How could George Miller possibly follow up Fury Road? That gem of an action extravaganza came at the right place, and time, with the right leading actors, and will never be topped. But damn if Miller doesn’t try with this Furiosa prequel. This film was enough that I hope Miller keeps getting checks to create more crazy cars and crazier car crashes in the Australian outback, which I assume more closely resembles junkyard instead of desert at the mayhem he’s caused.
What unfolds here is Imperator Furiosa’s (Alyla Browne) psychotic coming of age story. Before Immortan Joe (Lachy Hulme) became Furiosa’s Fury Road problem, her eyes only saw red for Dementus (Chris Hemsworth), leader of a rogue biker gang who kidnapped the girl from her home. She could have easily wilted, but older Furiosa’s (Anya Taylor-Joy) resolve remains steadfast, living on the DL, learning key life skills on the road with Praetorian Jack (Tom Burke). All those skills to be used for one reason: return the pain she feels to Dementus 10 fold.
There was no way Furiosa was gonna top Mad Max: Fury Road, with all its inventiveness and destruction. Miller does try a valiant recreation though. Slightly lesser Fury Road is still better than most of the lame action movies today. His big addition here is elevation. We’re going up and down various dunes and quarries, with Miller providing the epic scope these sequences demand. The action is also mixed up like Fury Road was; we’re not just on the road, we spend some time in various hand to hand combat sequences, or tense gunfights that end in usually really creative firey finales. But Miller never forgets his bread and butter, and the best stuff is his remixing of the machine vs. machine battles that he’ll be remembered for. Two in particular in the middle are incredible: one treats this giant tanker/rig vehicle like a moving set, with Taylor-Joy hopping all over that fantastic machine. And my personal favorite, an incredible tracking shot of two cars chasing each other that follows the cars up and down the sand dunes, just a kinetic masterpiece that got me pretty close to those 2015 highs.

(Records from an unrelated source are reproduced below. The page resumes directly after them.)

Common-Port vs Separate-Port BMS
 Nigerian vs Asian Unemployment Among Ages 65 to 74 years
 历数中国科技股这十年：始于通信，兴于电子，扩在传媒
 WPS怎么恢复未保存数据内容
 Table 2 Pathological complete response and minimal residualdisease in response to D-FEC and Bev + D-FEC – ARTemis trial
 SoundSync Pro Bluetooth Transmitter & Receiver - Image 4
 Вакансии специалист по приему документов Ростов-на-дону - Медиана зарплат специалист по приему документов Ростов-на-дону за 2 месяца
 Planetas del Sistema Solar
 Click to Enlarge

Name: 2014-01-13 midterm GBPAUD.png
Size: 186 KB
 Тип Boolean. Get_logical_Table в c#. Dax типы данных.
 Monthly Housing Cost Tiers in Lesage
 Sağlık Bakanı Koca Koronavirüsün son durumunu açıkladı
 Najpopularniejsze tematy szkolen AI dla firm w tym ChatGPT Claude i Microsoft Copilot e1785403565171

As far as story goes, we’re also headed back to Mad Max Citadel. Furiosa’s life is beset on all sides by tragedy and heartbreak, and when terrible things aren’t happening to her loved ones, she’s also clearly being groomed to be an object of lust for the men in this cruel, awful place. No wonder Miller went with Anya Taylor-Joy, who’s been playing damaged, resilient characters for some time now. With very little dialogue, Joy mines what she can with those big eyes and that expressive face, laser locked with purpose for what Furiosa wants to do. And while Immortan Joe is still in this one, Chris Hemsworth’s gang helps fill out the rest of George Miller’s world building. I’ve enjoyed post Thor Hemsworth, trying weirder parts with standard action hero stuff, including this one, with a bizarre accent hiding the dark side of Furiosa’s existence, if she falls into his life traps. The world the two live in is a slightly bigger version of the one in Fury Road, with more mechanics explaining the larger society right before it collapses even further into madness.
Furiosa can take a bit to get going, but once we bike around the outback and Anya Taylor-Joy shows up, the movie kicks into the high gear we want it to operate on. I continue to be amazed with George Miller’s expansive mind for car on car violence, as well as his world building with very little dialogue. Dialogue tends to “slow things down”: said by the director who’s main characters he created are called Mad Max and Furiosa. Maybe some other action directors out there can listen to George Miller every once in a while too?